Lesson 39:

Downloading from the Web with the Requests Module

The requests module lets you easily download files from the web without complicated issues.

requests does not come with Python, so it must be installed manually with pip.


In [2]:
# Test the requests module by importing it
import requests

# Store a website url in a response object that can be queried
res = requests.get('https://automatetheboringstuff.com/files/rj.txt')

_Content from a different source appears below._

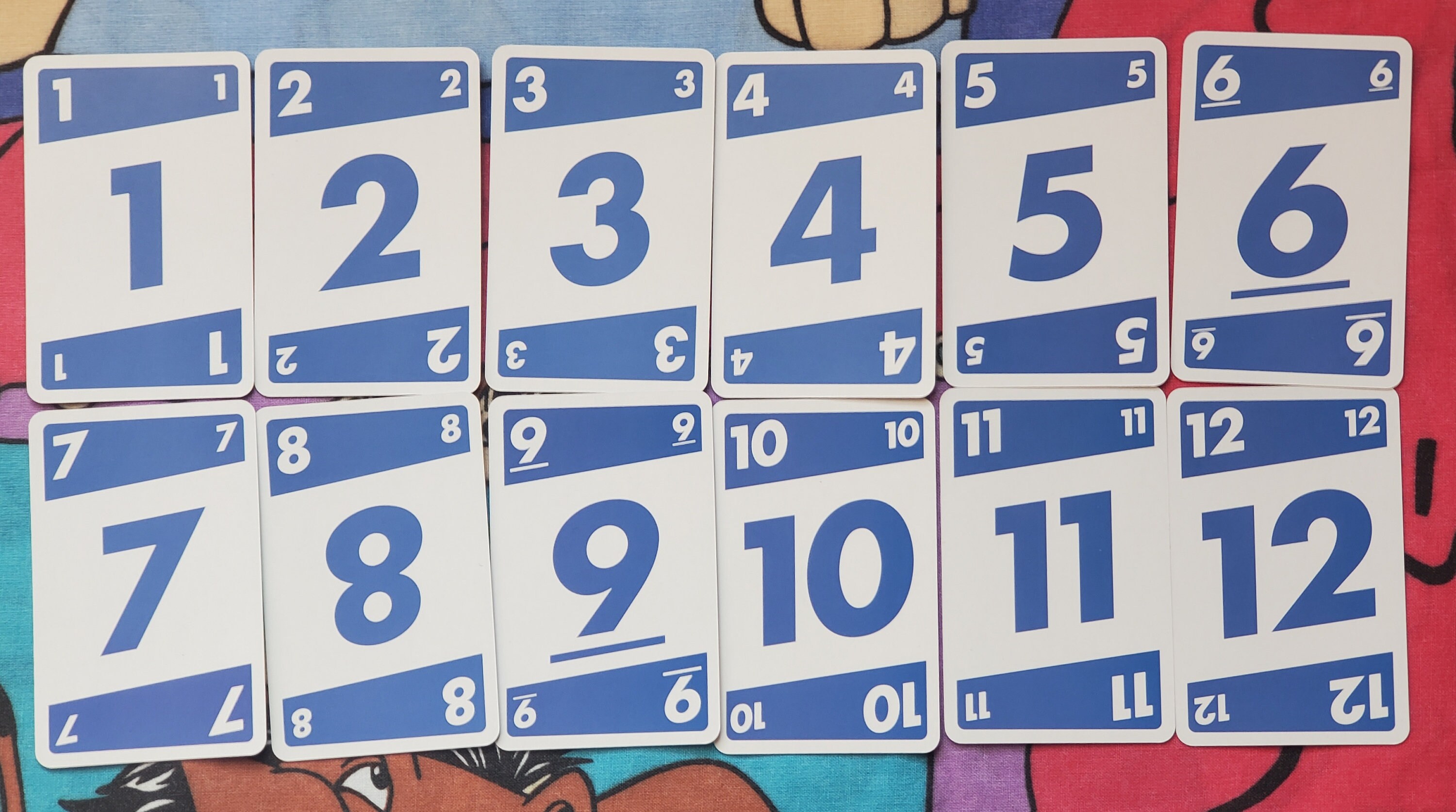 Lot of 12 numbered cards U choose from 4 colors Crafting | Etsy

Response objects can be checked via status codes:

  • '404' is the typical 'file not found' code.
  • '200' is the typical 'success' code.

In [3]:
res.status_code


Out[3]:
200

The response object has succeded, and all values are stored within it:


In [5]:
# Print the first 100 lines
print(res.text[:1000])


The Project Gutenberg EBook of Romeo and Juliet, by William Shakespeare

This eBook is for the use of anyone anywhere at no cost and with
almost no restrictions whatsoever.  You may copy it, give it away or
re-use it under the terms of the Project Gutenberg License included
with this eBook or online at www.gutenberg.org/license


Title: Romeo and Juliet

Author: William Shakespeare

Posting Date: May 25, 2012 [EBook #1112]
Release Date: November, 1997  [Etext #1112]

Language: English


*** START OF THIS PROJECT GUTENBERG EBOOK ROMEO AND JULIET ***













*Project Gutenberg is proud to cooperate with The World Library*
in the presentation of The Complete Works of William Shakespeare
for your reading for education and entertainment.  HOWEVER, THIS
IS NEITHER SHAREWARE NOR PUBLIC DOMAIN. . .AND UNDER THE LIBRARY
OF THE FUTURE CONDITIONS OF THIS PRESENTATION. . .NO CHARGES MAY
BE MADE FOR *ANY* ACCESS TO THIS MATERIAL.  YOU ARE ENCOURAGED!!
TO GIVE IT AWAY TO ANYONE YOU LIKE, BUT

A typical way to deal with status is to use a raise_for_status() statement, which will crash if a file is not found, and can be used in conjunction with boolean statements, and try and except statements.


In [7]:
# Run method on existing response object; won't raise anything because no error
res.raise_for_status()

# An example bad request

badres = requests.get('https://automatetheboringstuff.com/134513135465614561456')
badres.raise_for_status()


---------------------------------------------------------------------------
HTTPError                                 Traceback (most recent call last)
<ipython-input-7-862807cc57ca> in <module>()
      5 
      6 badres = requests.get('https://automatetheboringstuff.com/134513135465614561456')
----> 7 badres.raise_for_status()

/usr/local/lib/python3.5/site-packages/requests/models.py in raise_for_status(self)
    829 
    830         if http_error_msg:
--> 831             raise HTTPError(http_error_msg, response=self)
    832 
    833     def close(self):

HTTPError: 404 Client Error: Not Found

Files downloaded in this way must be stored in wb or write-binary method, to preserve the unicode formatting of this text. An explanation of unicode and its relationship to Python can be found here.

To store this file, we therefore need to write it in 'byte' chunks to a binary file. A useful method to help do this is the response object's iter_content method.


In [10]:
# Open/create a file to store the bytes, using a new name
playFile= open('files/RomeoAnd Juliet.txt', 'wb')

# Iteratively write each 100,000 byte 'chunk' of data into this file
for chunk in res.iter_content(100000):
    playFile.write(chunk)
    
# Close to save file
playFile.close()

The requests module is the preferred method for dealing with files, and the documentation can help explore a variety of use cases.

It excels only at downloading specific files from specific urls; it cannot handle logins and other complex actions. A browser simulator like selenium is often superior for such actions.

Recap

  • The requests module is a third-party module for downloading web pages and files.
  • requests.get() returns a Respone object.
  • It stores data from a url as a response object accessible within the program, which can then be handled like any other typical variable.
  • The .status_code and raise_for_status() methods can retrieve the status codes of the response object, which can inform the success or failure of the operation.
  • The iter._content() method can be used to iteratively write byte chunks to a file, in order to save binary files locally.